For the above mentioned goal of this analysis we will use the following data sources:

1. Foursquare Places API: through Foursquare we will get names, locations and retail categories for all Clothings stores in Paris
2. https://en.wikipedia.org/wiki/Arrondissements_of_Paris : from this page we will read out names, population density and any other information about the arrondissements of Paris that might be helpful for our analysis

# Paris: clustering neighborhoods by Clothing store category (Week 2)

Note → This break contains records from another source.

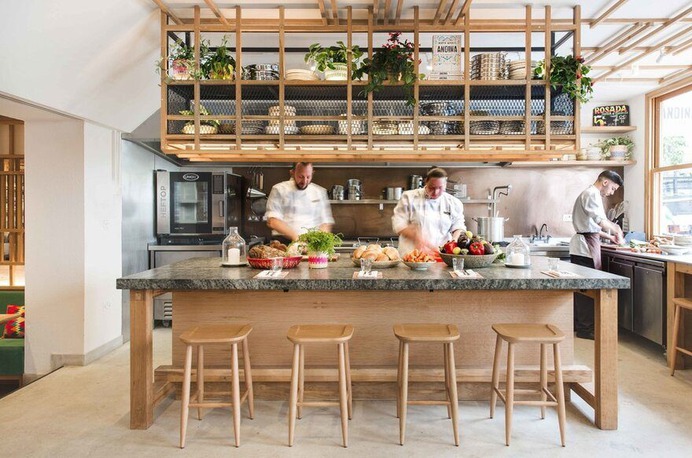 Café-Bakery, El Equipo Creativo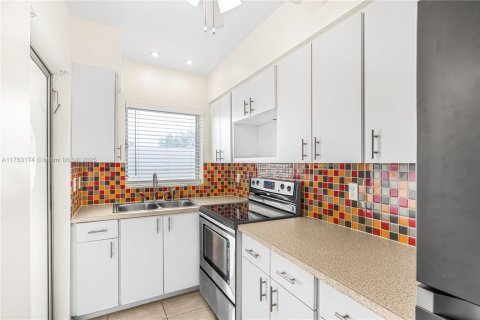 Condo in Hallandale Beach, Florida, 1 bedroom  № 1867966 - photo 13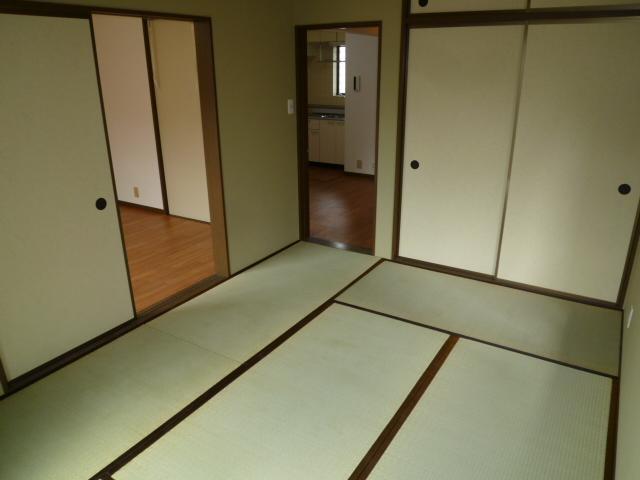 Living and room. Japanese-style room is a bright two-plane daylight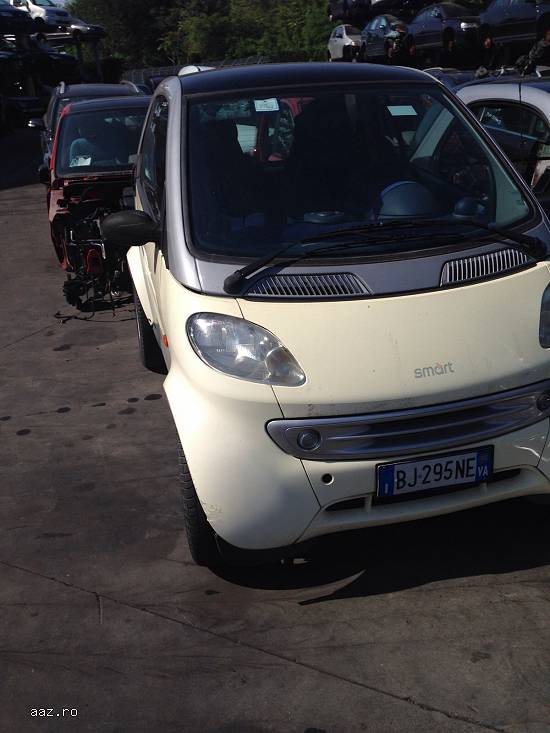 Dezmembrez Smart ForTwo 2001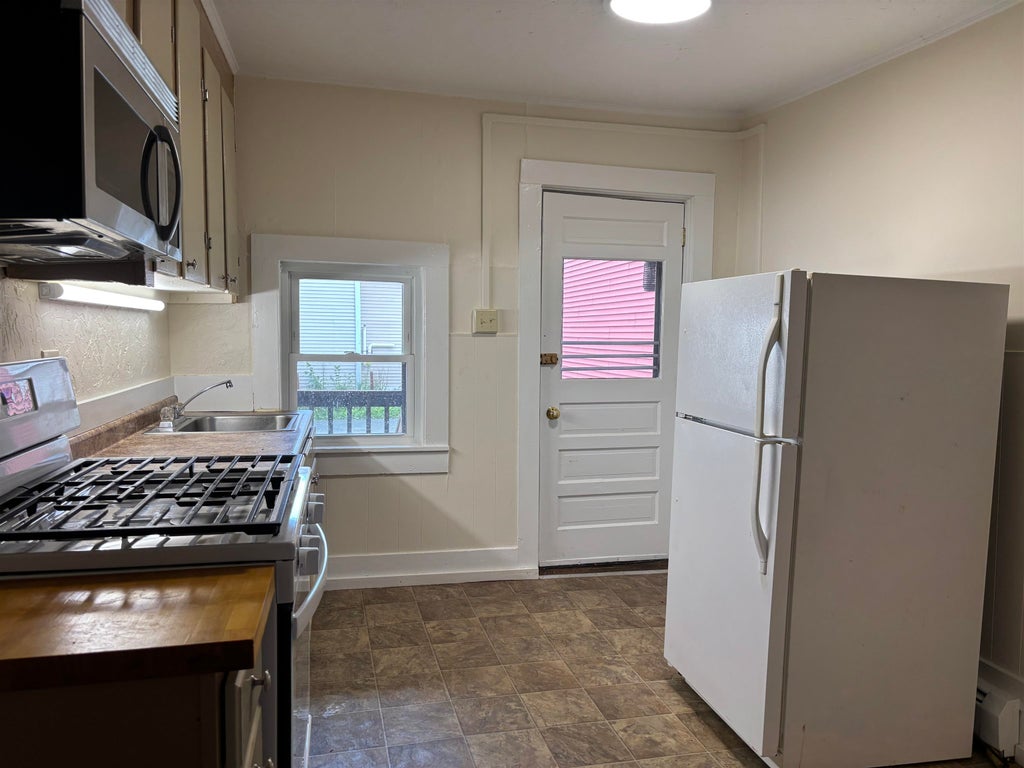 Photo of 3648 Main Street, Lebanon, NH 03748 (MLS # 5114358)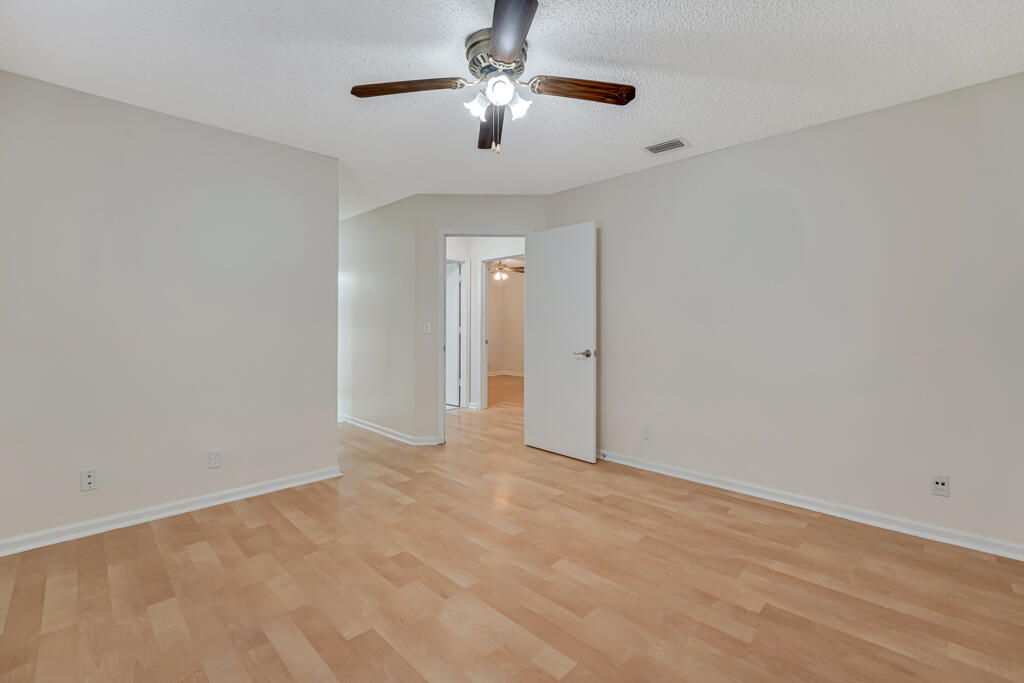 SUGAR POND MANOR OF WELLI - Residential Lease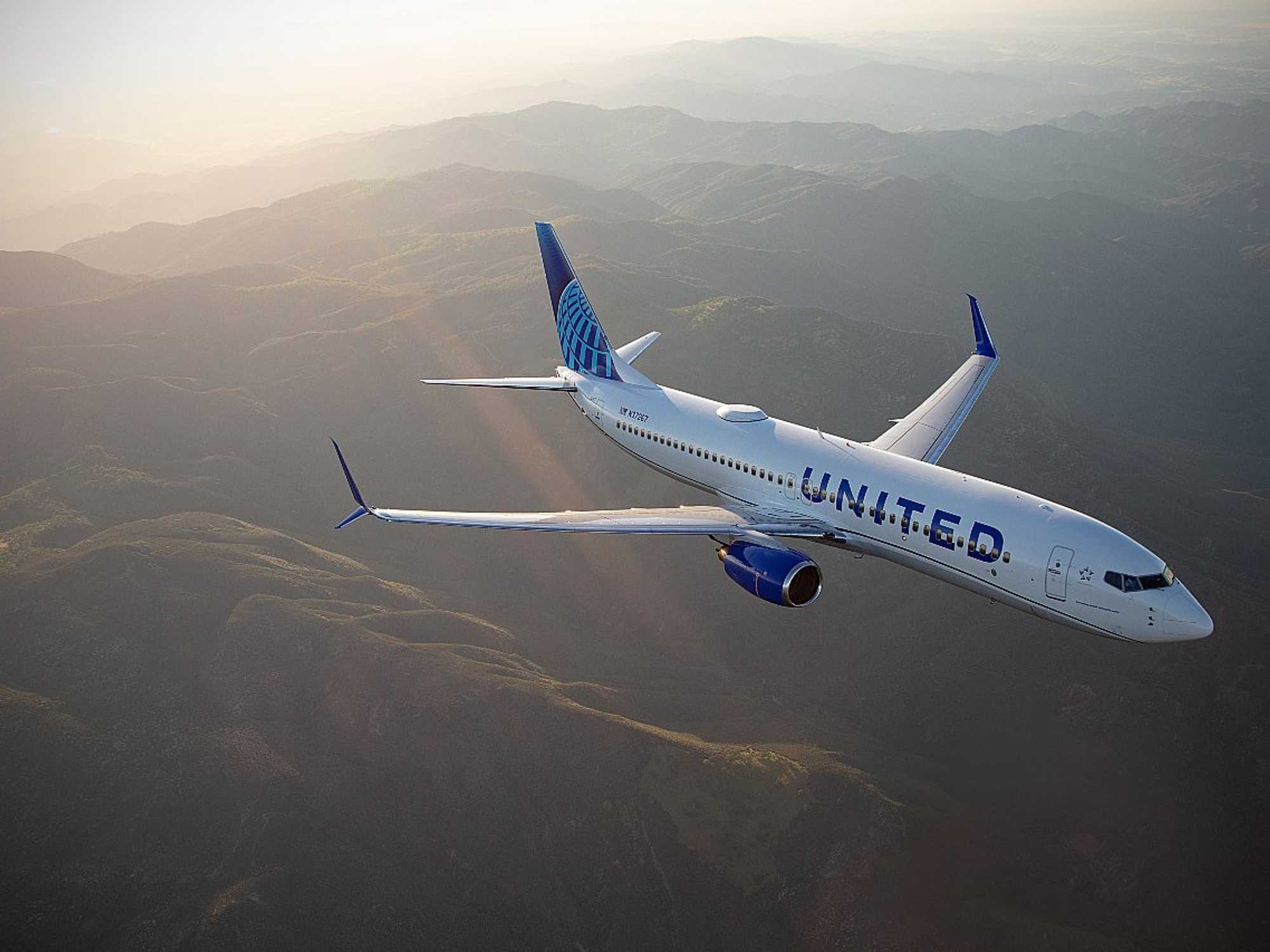 United Airlines jet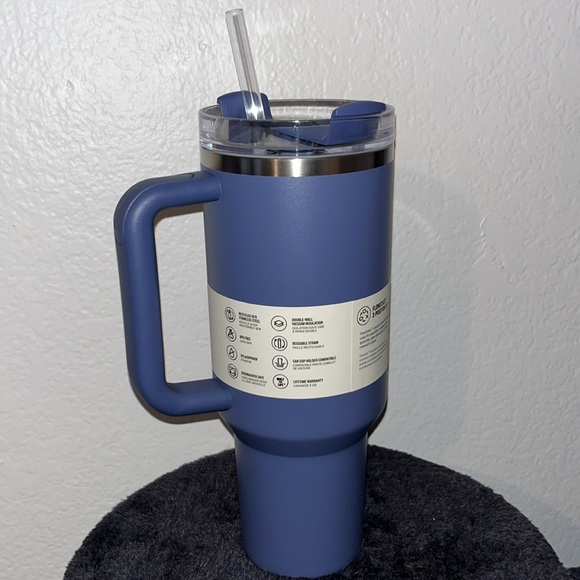 BRAND NEW Twilight 40 ounce Stanley Tumbler 🫧 - Picture 2 of 4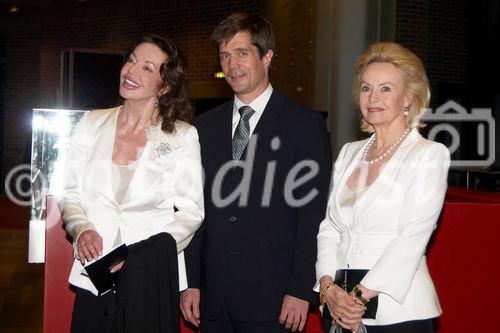 München, 6.8.2006: Fix & Foxi-Verlegerin Alexandra Kauka besucht mit Prinzessin Yvonne von Hessen und dem neuen Generalkonsul der USA Eric Nelson in der Philharmonie eine Aufführung von Giuseppe Verdis 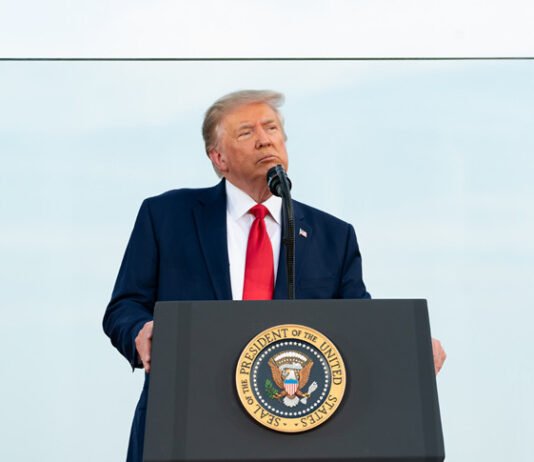 Donald Trump é declarado ‘persona non grata’ por vereadores de cidade brasileira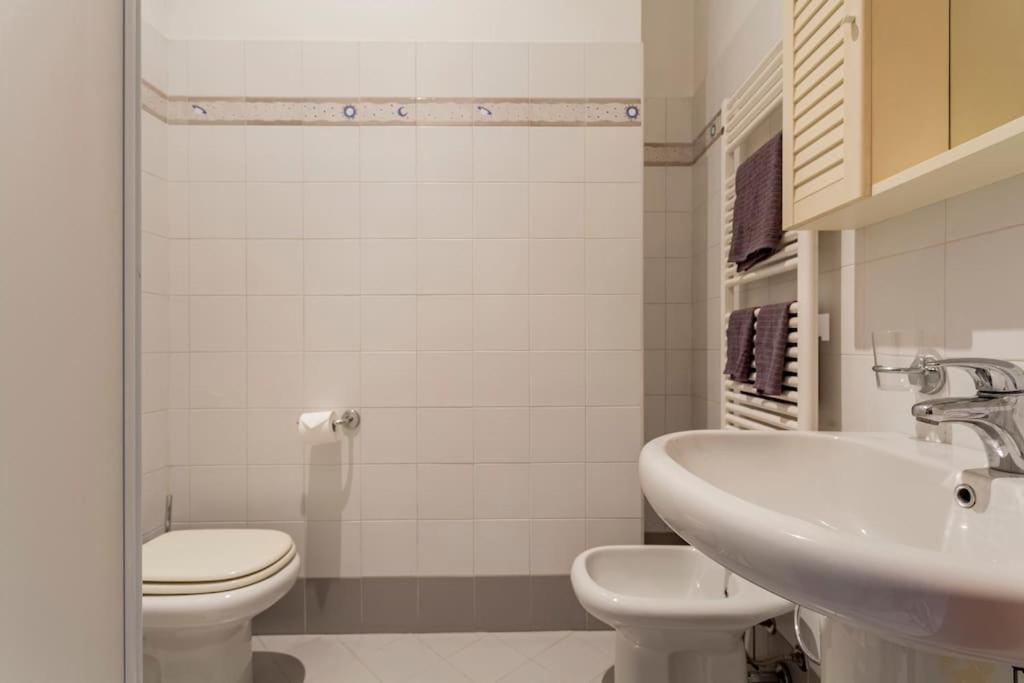 Luxury Loft On The Duomo Wifi & Netflix Appartamento Milano Esterno foto
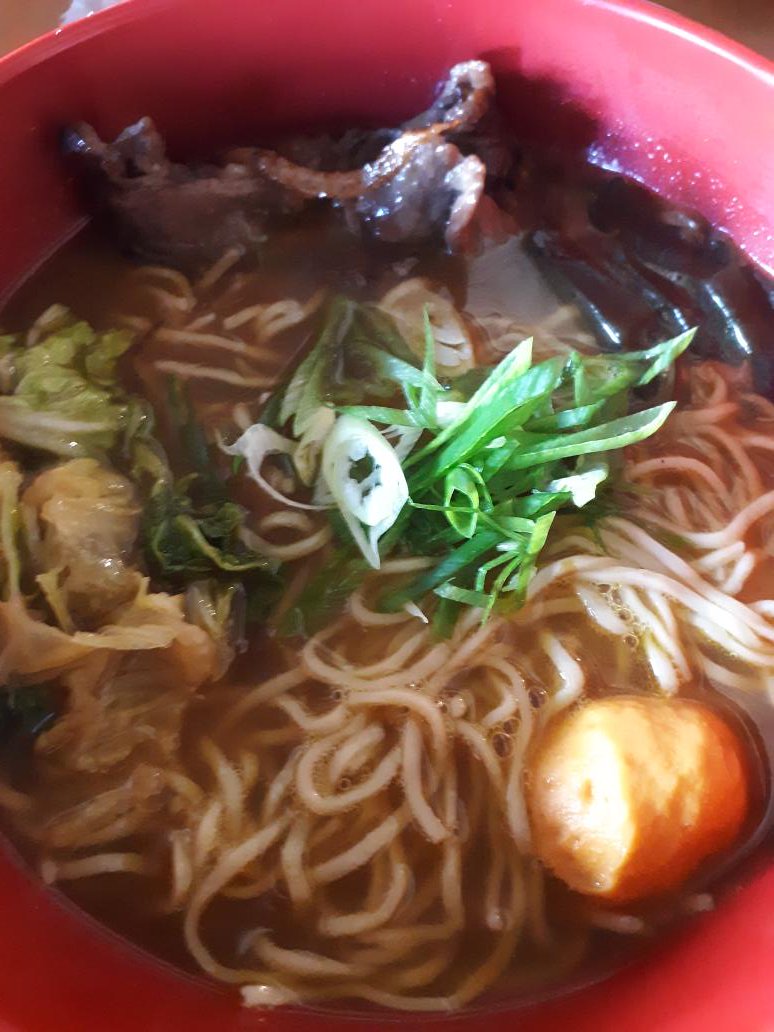 AyuWinayasari's tweet photo. Beef Teriyaki Ramen ala Tenno Ramen House, hanya 36k saja. Rasa sudah pas banget untuk lidah Nusantara dan tempatnya strategis banget, di Paskal Food market. Yuk 😋 https://t.co/iwSJiyLxcm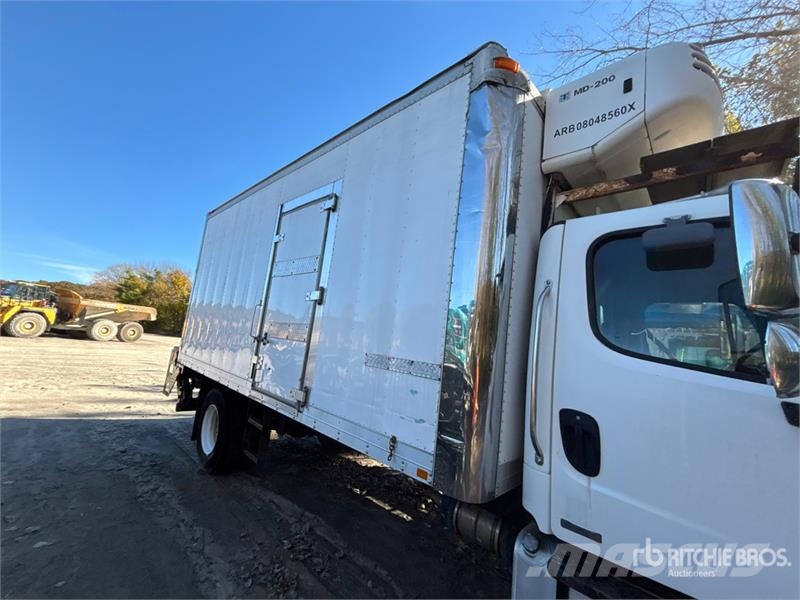 Freightliner M2 106 Рефрижератори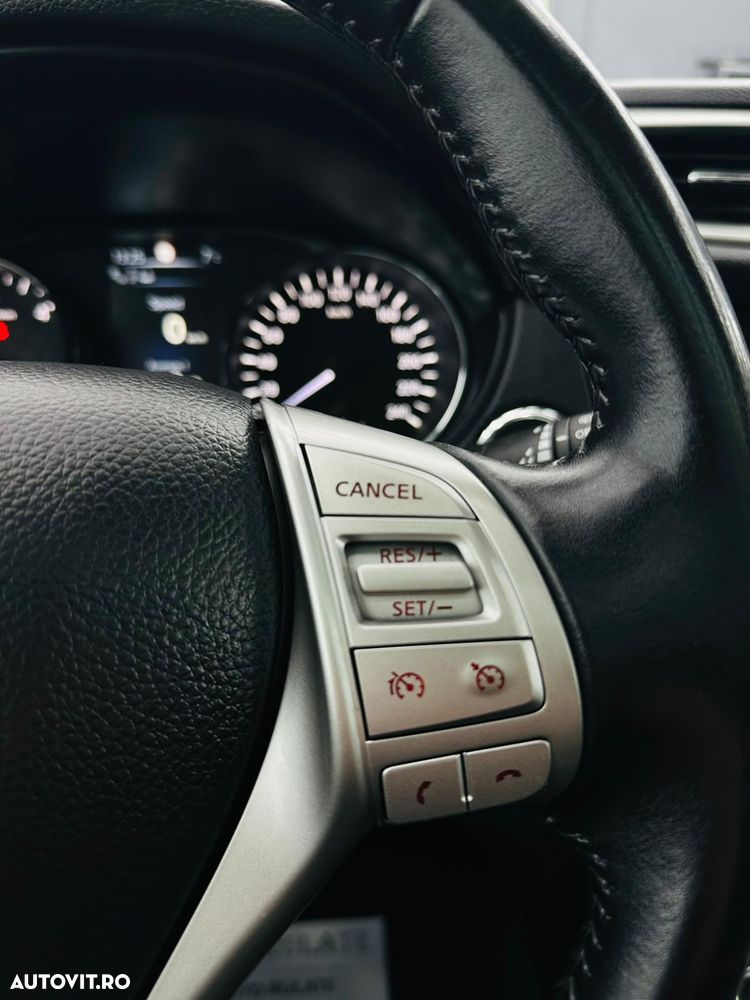 Nissan Qashqai 1.5 DCI TEKNA - 31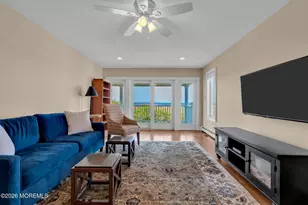 9 Hegel Pl, Middletown, NJ 07748 - Photo 11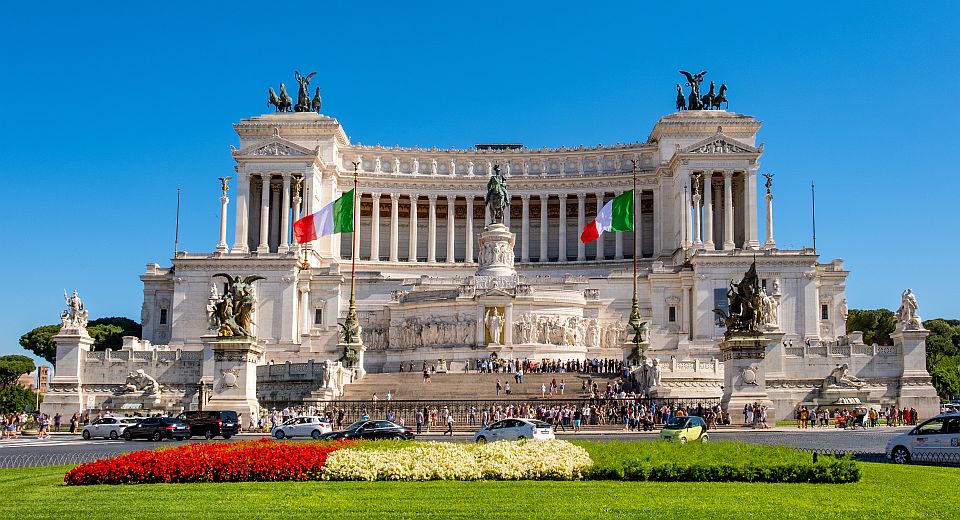 Das monumentale Vittoriano an der Piazza Venezia beeindruckt mit weißem Marmor, mächtigen Säulen und großer Symbolkraft.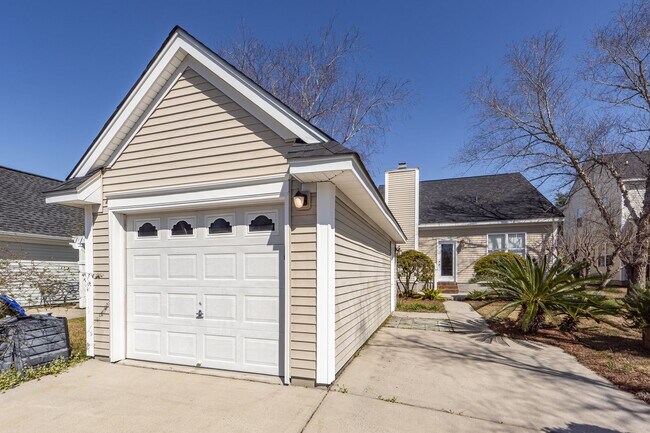 Building Photo - 3 Bedroom 3 Bath Single Family Home in Bridges of Summerville - Summerville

#### Part 1a - first we create a dataframe from our Paris Wikipage

In [0]:
import pandas as pd
import numpy as np

In [0]:
# read Wikipedia HTML

import requests
website_url = requests.get('https://en.wikipedia.org/wiki/Arrondissements_of_Paris').text

from bs4 import BeautifulSoup
soup = BeautifulSoup(website_url,'lxml')
# print(soup.prettify())

In [95]:
# read table and assign to dataframe
postal_codes = soup.find('table',{'class':'wikitable sortable'})
df = pd.read_html(str(postal_codes))[0]

df.head()

Unnamed: 0,"Arrondissement (R for Right Bank, L for Left Bank)",Name,Area (km2),Population(March 1999 census),Population(July 2005 estimate),Density (2005)(inhabitants per km2),Peak of population,Mayor
0,1st (Ier) R,Louvre,1.826 km2 (0.705 sq mi),16888,17700,9693,before 1861,Jean-François Legaret (LR)
1,2nd (IIe) R,Bourse,0.992 km2 (0.383 sq mi),19585,20700,20867,before 1861,Jacques Boutault (EELV)
2,3rd (IIIe) R,Temple,1.171 km2 (0.452 sq mi),34248,35100,29974,before 1861,Pierre Aidenbaum (PS)
3,4th (IVe) R,Hôtel-de-Ville,1.601 km2 (0.618 sq mi),30675,28600,17864,before 1861,Ariel Weil (PS)
4,5th (Ve) L,Panthéon,2.541 km2 (0.981 sq mi),58849,60600,23849,1911,Florence Berthout (LR)


# Now we clean the table
1) We need to fill in the zip code for each arrondissement. Since the number of the arrondissement is indicated by the last two digits in most Parisian postal codes (75001 up to 75020), we can just fill in the zip code

2) We will drop columns 0, 6 and 7 since we don't need them for our analysis

In [96]:
# clean table
# The number of the arrondissement is indicated by the last two digits in most Parisian postal codes (75001 up to 75020)
df['postal_code'] = range(75001, 75001+len(df))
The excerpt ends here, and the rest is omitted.